For lunch, I am fortunate to dine most of the time at Culina, Modern Italian, where I enjoy either a quinoa salad with avocado, arugula, strawberries and cucumbers; a roasted beet salad with basil, pistachios, oranges and basil oil; or an heirloom tomato salad with avocado and fennel. Sometimes I also indulge in the new vegan ice creams at Four Seasons from Stella's Best, which are coconut and cashew based, without soy or refined sugars. The chocolate brownie is my favorite!  

For dinner, I usually make a kale salad, veggie sushi rolls or zucchini lasagna, or dine at healthy veggie friendly restaurants, such as Crossroads, Cafe Gratitude, Cleo or Avotre Sante.

I love yoga and spend weekends at Maha Yoga, as the class led by owner Steve Ross is amazing. I also like Kundalini and frequent Yoga West on occasion. On weekends, I also do beach walks along Ocean Avenue, followed by the Santa Monica Stairs, or a hike in Mandeville Canyon with friends. 

LTP: How has your interest in wellness impacted the hotel where you work? What programs have you all implemented since your arrival?

KK: The culinary team at Four Seasons Hotel Los Angeles at Beverly Hills has been very open to healthy suggestions. Executive Chef Ashley James created vegan StrEAT food menu items in Windows Lounge and a farmer's market salad station at our famous Sunday Brunch. Chef Ashley also created the Young Hollywood Salad, which has hemp seeds, organic greens, strawberries, blueberries and cucumbers. 

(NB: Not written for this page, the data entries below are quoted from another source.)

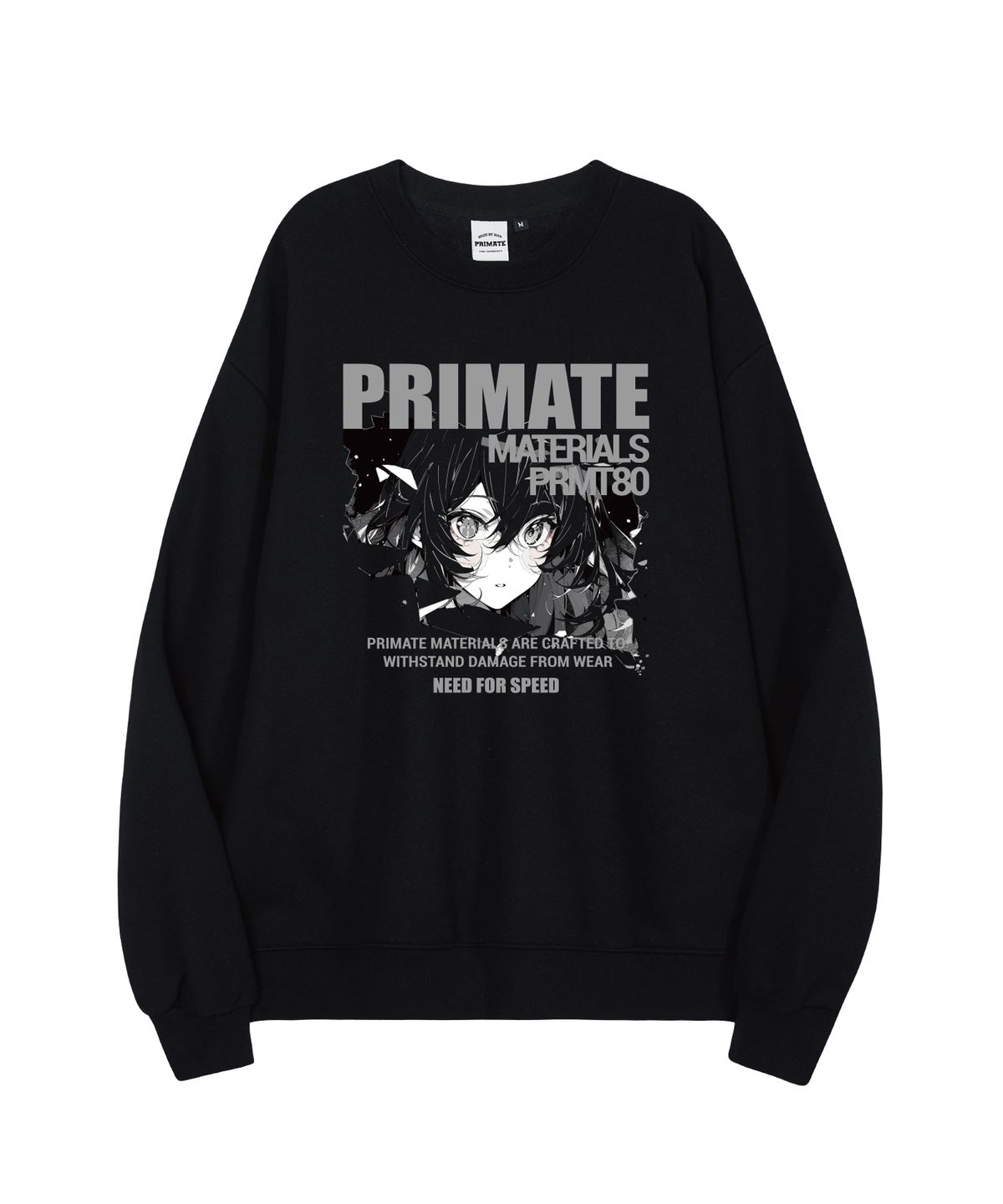 프라임에이트(PRIMATE) [기모/NO기모] WINTER 오버핏 맨투맨 6 COLORS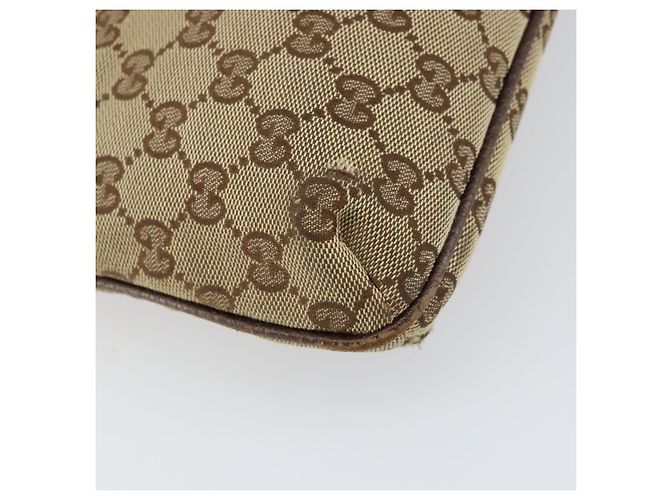 Borsa a Spalla GG Canvas Gucci Beige Argento 122793 Auth 156411 - vista 13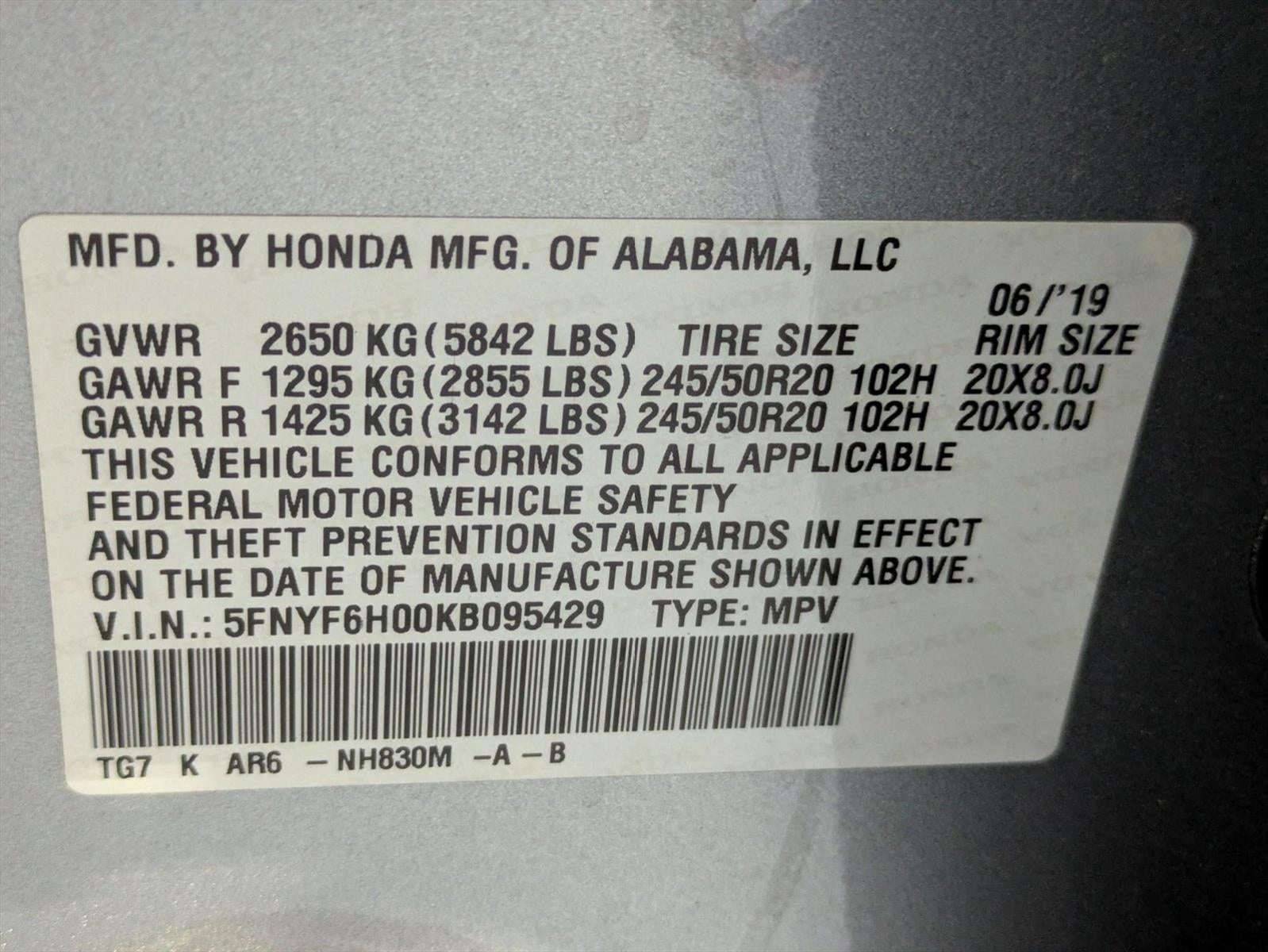 2019 Honda Pilot Elite AWD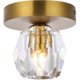 thumbnail image 1 of Lámpara de Techo Elegant Lighting Eren Dorada 30x30x9 cm 110V, 1 of 4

They were also very receptive to the idea of a juice menu and launched Squeezed: guests can create their own juice from several ingredients, including kale, celery, ginger, lemon, cayenne, watermelon, mint, fennel, parsley, Asian pear, green apple, pineapple etc. Our chef also developed three juice blends too, which are very popular with our guests. Our general manager, Mehdi Eftekari, is a huge fitness enthusiast and partnered with Blue Clay Fitness to create more than 200 customized workouts available through our in-room iPads. I am fortunate to work with such a health-minded team.

LTP: Tell us a bit about this new retreat, which launched over Labor Day Weekend.

KK: We put together a wellness weekend with celebrity fitness trainers, Blue Clay Fitness; Kimberly Snyder, a nutritionist for Kerry Washington, Drew Barrymore, Fergie and Vince Vaughn (to name a few); and Steve Ross from Maha Yoga. We are currently scheduling the next one. The program included a healthy dinner at Culina, a nutrition seminar with Kimberly Snyder, a cooking demonstration with Executive Chef Ashley James, a Runyon Canyon hike with Blue Clay Fitness and a yoga session with Steve Ross. As you can tell, I got to bring all my favorite leaders in the wellness community together!

Next up, we are filming five nutrition videos with Kimberly Snyder focused on getting “Red Carpet Ready,” navigating holiday parties, the ideal foods or smoothies to eat after working out, the best meal to have after a spa treatment and more.

LTP: What does happiness look like to you?

KK: Happiness is living a healthy life and traveling often. I am most happy in the Greek Islands, especially sailing from island to island, enjoying the local cuisine. My favorite dishes include Greek salads with organic ripe tomatoes, bell peppers, onions and the best olive oil and seasoning (without feta); steamed "horta" dandelion greens; baked stuffed tomatoes with rice; and fava, the Greek version of hummus. I also love traveling to South America, Miami and Hawaii. To me, happiness is not as much about material possessions, but more about unique experiences that change your life.

LTP: What does it mean to you to “Live The Process” and how do you do that every day?

KK: I believe “Living The Process” means caring for the environment, including all animals and sea life, as well as truly caring for family and friends. I also believe it is important to travel the world and experience different cultures. I have learned more from traveling than from anything else. It is important to care for your body through exercise and diet. I believe in living life to the fullest and taking advantage of any opportunities that come my way. For instance, I have been fortunate to live on Maui and experience that culture through a previous job. It is important to embrace life, surround yourself with positive people and be grateful for every moment!